Oyó pasos en el interior.

Asió el rifle y se apoyó junto a la maloliente pared, fuera del almacén.

Los acelerados pasos se acercaban.

Se preparó.

Alguien salió de la habitación.

Con una mano empujó al hombre contra la pared, apoyando el arma, con el dedo en el gatillo, contra su mandíbula. Unos fieros ojos azules lo contemplaron desde un rostro joven, apuesto, intrépido.

– ¿Quién eres tú? -preguntó.

– Ely Lund.

NOVENTA Y DOS

Zovastina estaba complacida. Tenía a Lyndsey bajo control, todos los datos de Vincenti, la tumba de Alejandro, la medicina y, ahora, también a Thorvaldsen, Cassiopeia Vitt y Stephanie Nelle. Sólo le faltaban Cotton Malone y Ely Lund, y ninguno de ellos tenía demasiada importancia.
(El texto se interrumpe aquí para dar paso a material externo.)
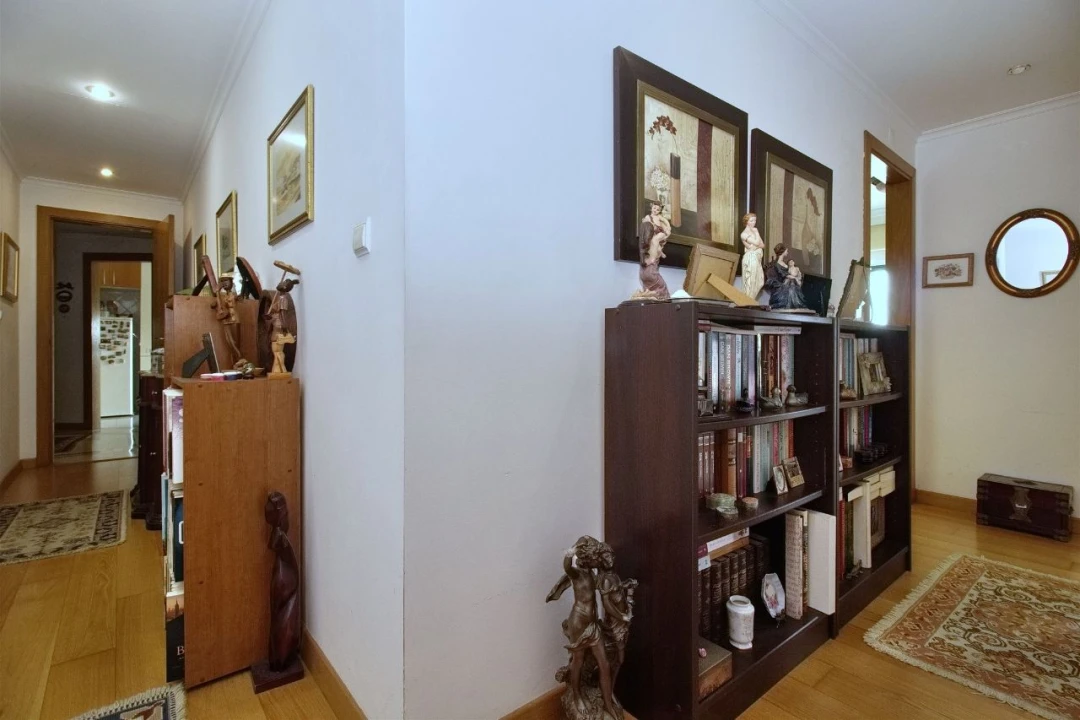 Apartamento T3 para Venda em Carcavelos Foto 13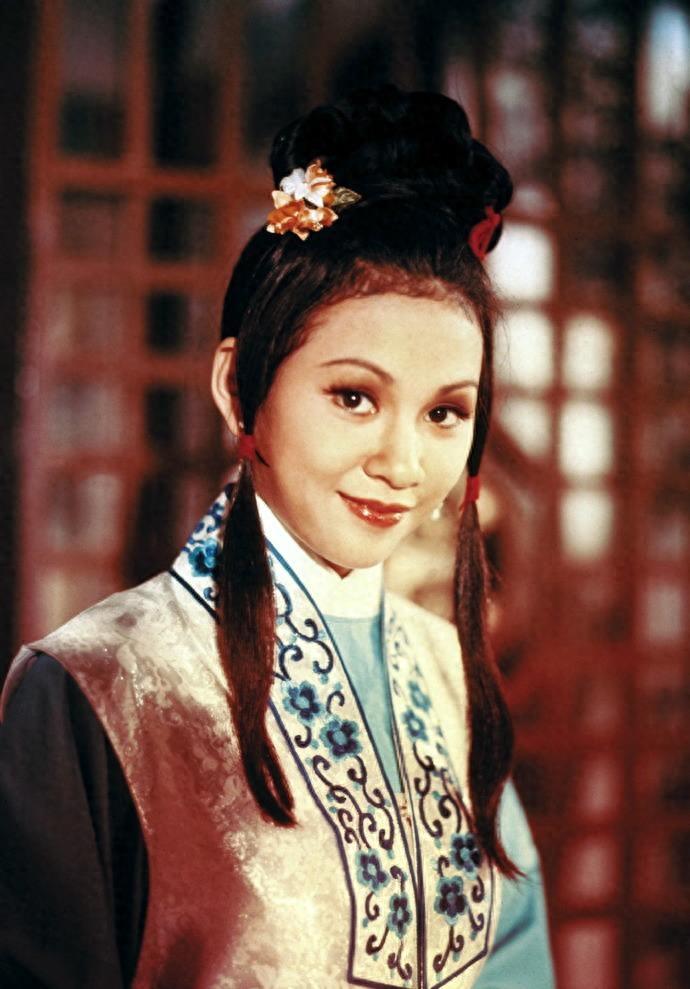 老照片：香港一代玉女余安安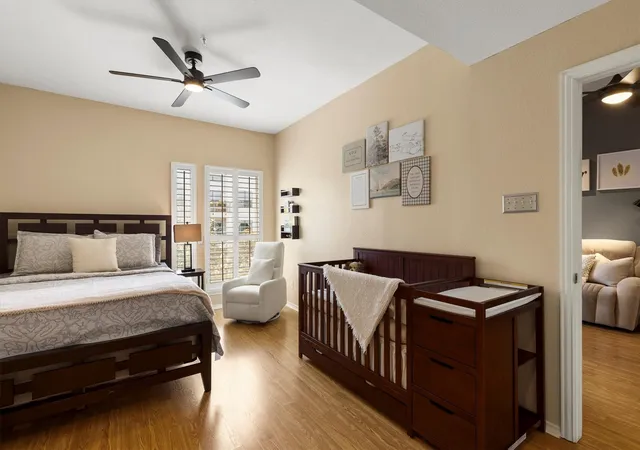 Listing Photo 5 - Condo for sale in building located at 4104 N Hall St, Dallas, TX 75219 - Unit #334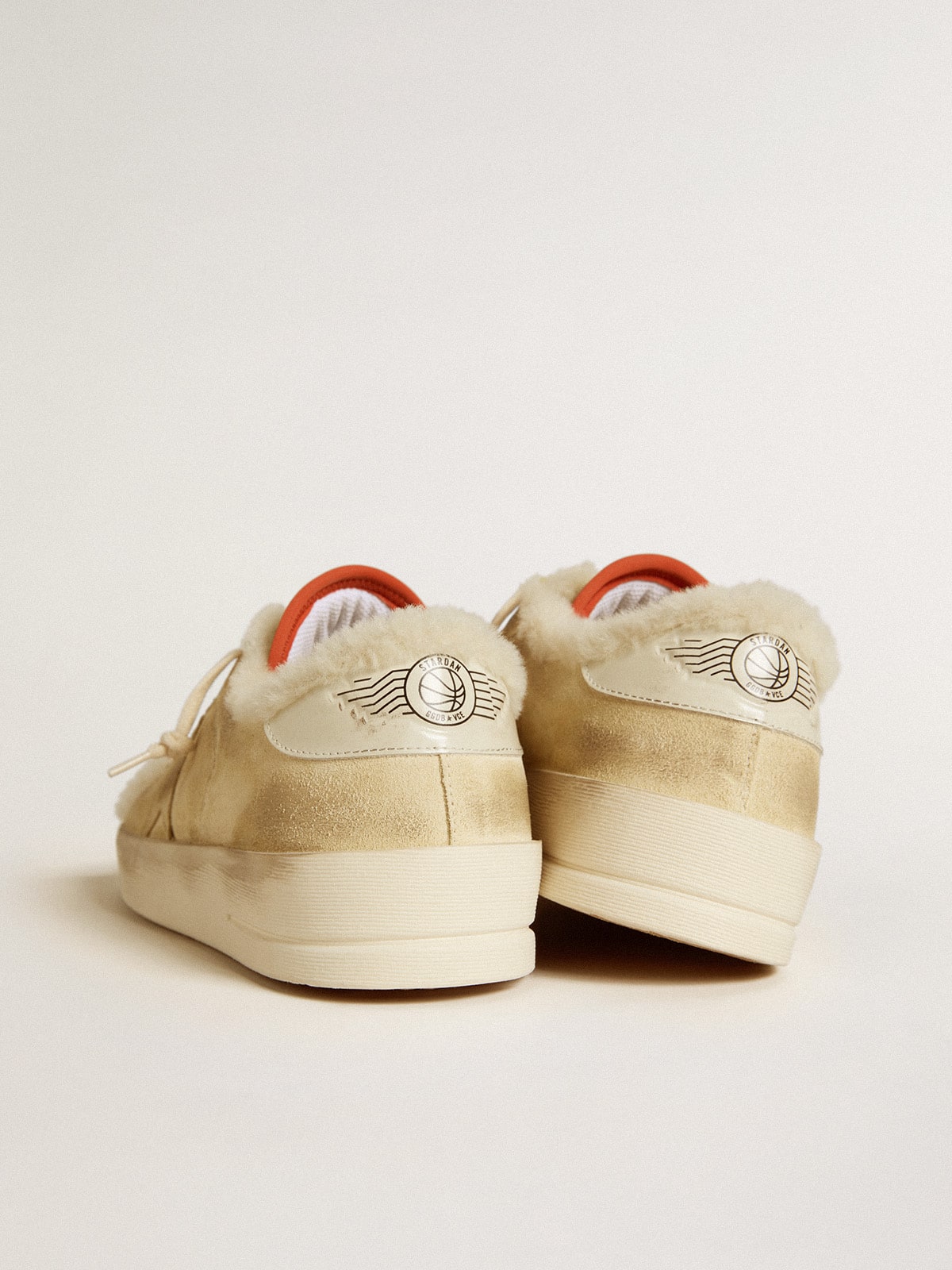 Golden Goose Stardan in beige suede with leather heel tab and shearling lining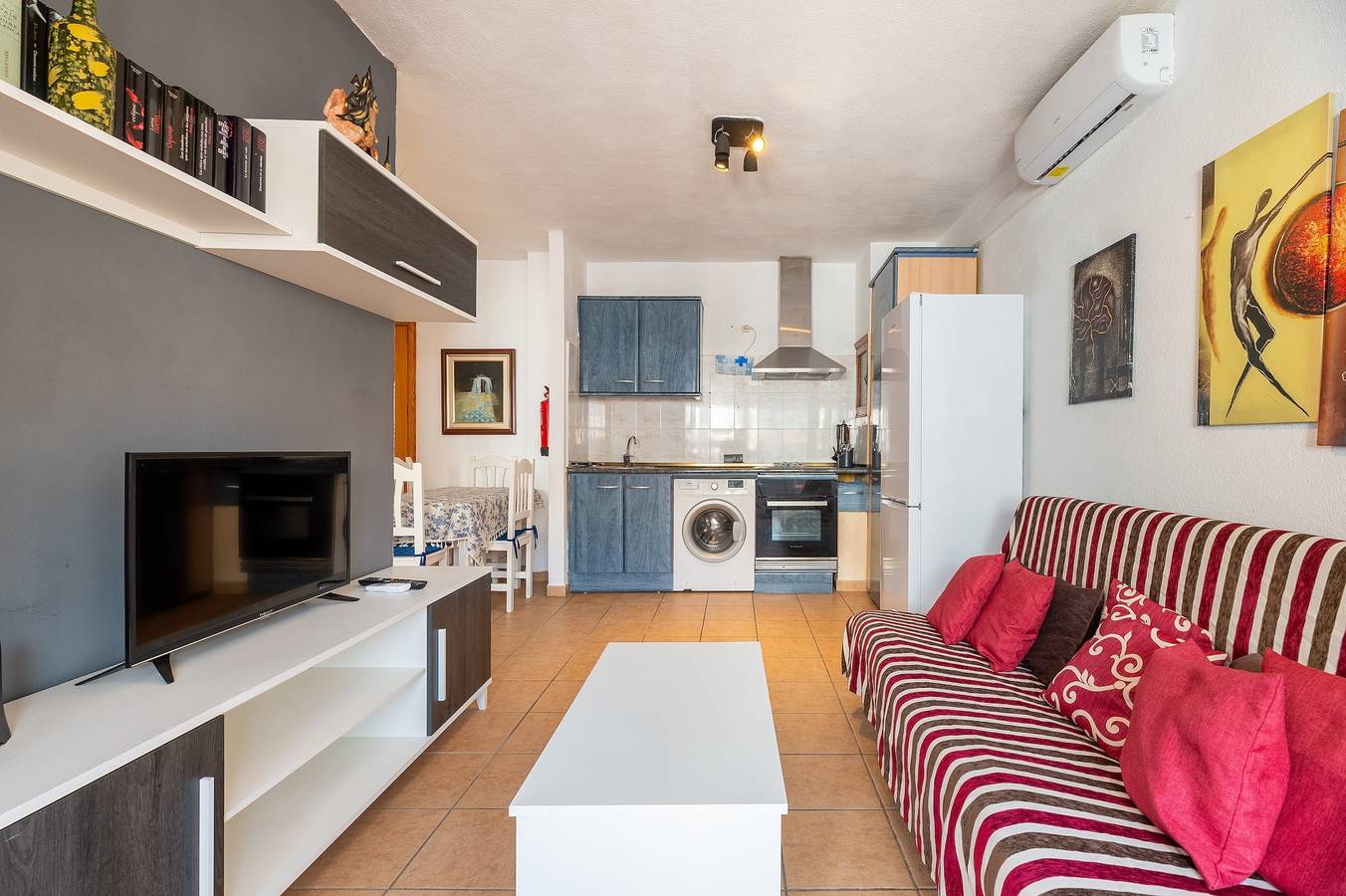 Ganze Wohnung, Ferienwohnung 'Trilo 24' mit Wlan und Klimaanlage in Es Pujols, Formentera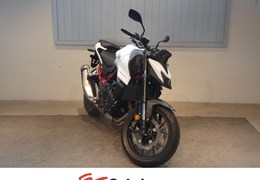 Neumotorrad Honda CB750 Hornet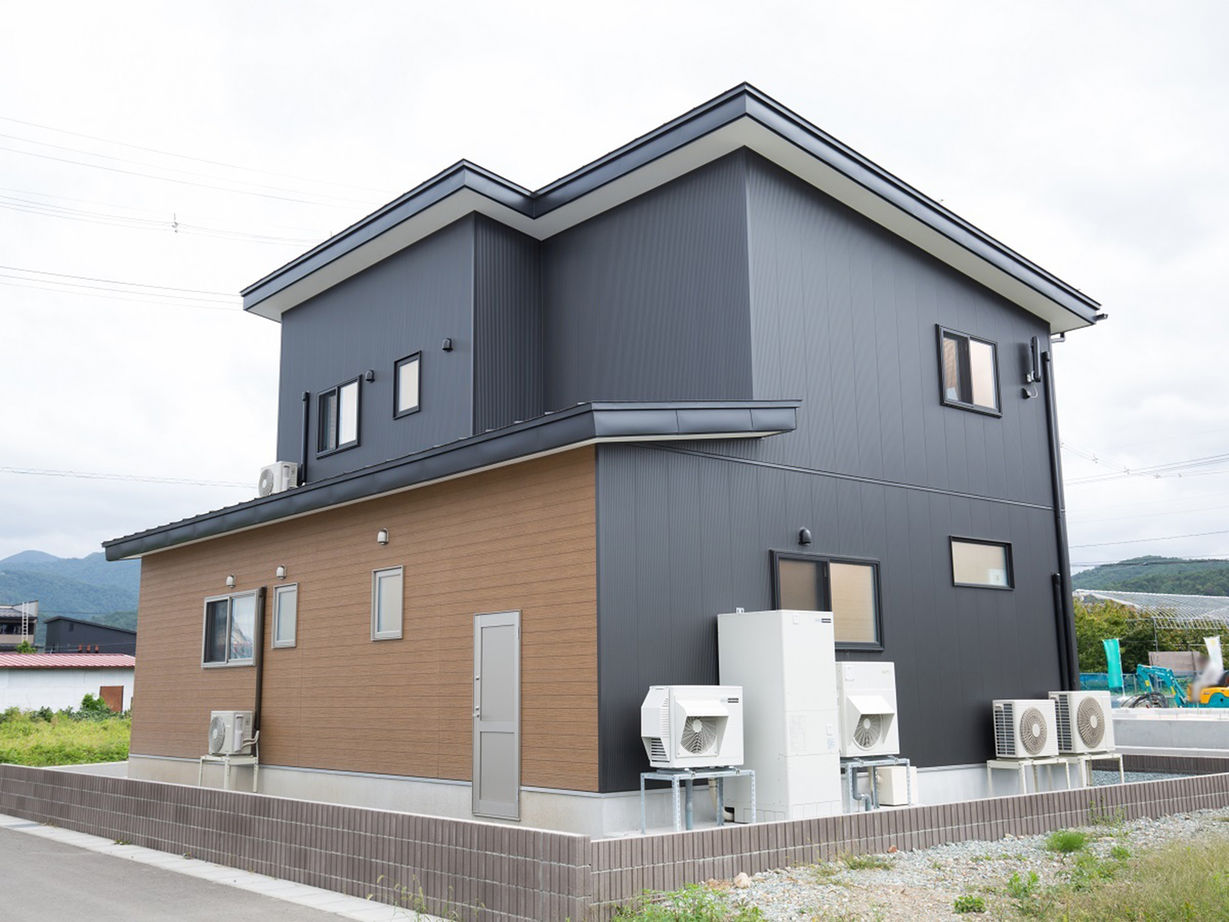 ユニバーサルホーム 【カフェ風／5LDK／家事動線】デザインや家事動線にこだわった、スタイリッシュなカフェ風の5LDKの住まいの建築実例画像16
Se encontraban en el exterior de la casa, de camino al helicóptero; dos de los soldados que aún seguían con vida custodiaban a los prisioneros a punta de pistola. Viktor y otros dos soldados habían ido a recuperar los ordenadores de Vincenti y dos de los robots que no se habían usado en la mansión.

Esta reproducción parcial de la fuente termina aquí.